EXERCISE AIM: Take the data below and copy exactly the lines starting at the one with "My dear respected" and finishing at the one with "It's a package", both included.

DATA IN THIS EXERCISE:
※ ※ ※

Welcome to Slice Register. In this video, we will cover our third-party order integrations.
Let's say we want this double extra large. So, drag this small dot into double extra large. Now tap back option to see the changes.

※ ※ ※

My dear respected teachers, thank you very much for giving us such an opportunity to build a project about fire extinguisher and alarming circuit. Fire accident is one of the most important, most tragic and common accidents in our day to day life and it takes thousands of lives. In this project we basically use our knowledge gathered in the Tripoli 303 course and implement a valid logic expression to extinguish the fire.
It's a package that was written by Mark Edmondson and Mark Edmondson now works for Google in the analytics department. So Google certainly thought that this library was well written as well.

※ ※ ※

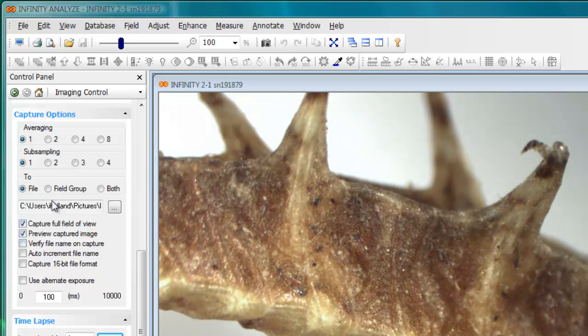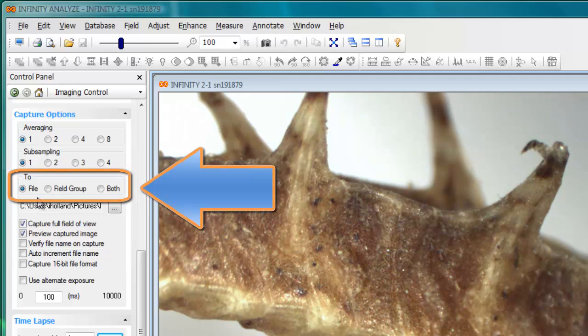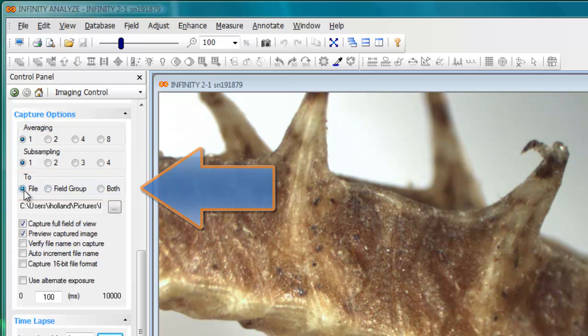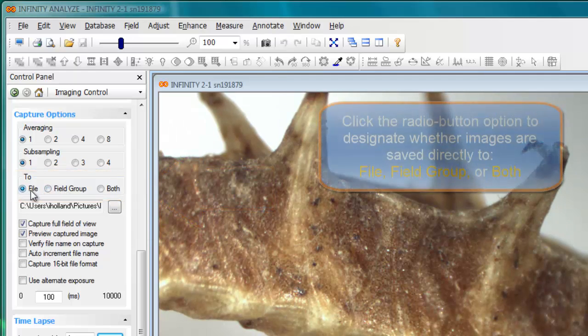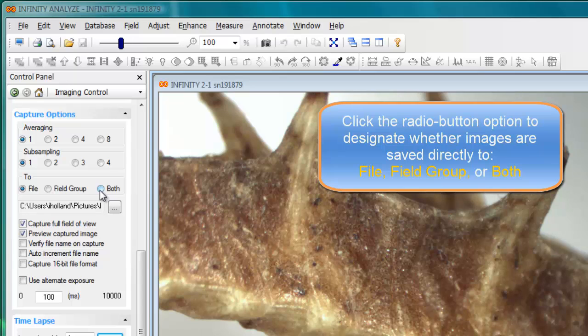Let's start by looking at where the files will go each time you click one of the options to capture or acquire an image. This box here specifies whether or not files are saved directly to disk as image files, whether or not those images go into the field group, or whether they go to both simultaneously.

※ ※ ※

SOLUTION FOR THIS EXERCISE:
My dear respected teachers, thank you very much for giving us such an opportunity to build a project about fire extinguisher and alarming circuit. Fire accident is one of the most important, most tragic and common accidents in our day to day life and it takes thousands of lives. In this project we basically use our knowledge gathered in the Tripoli 303 course and implement a valid logic expression to extinguish the fire.
It's a package that was written by Mark Edmondson and Mark Edmondson now works for Google in the analytics department. So Google certainly thought that this library was well written as well.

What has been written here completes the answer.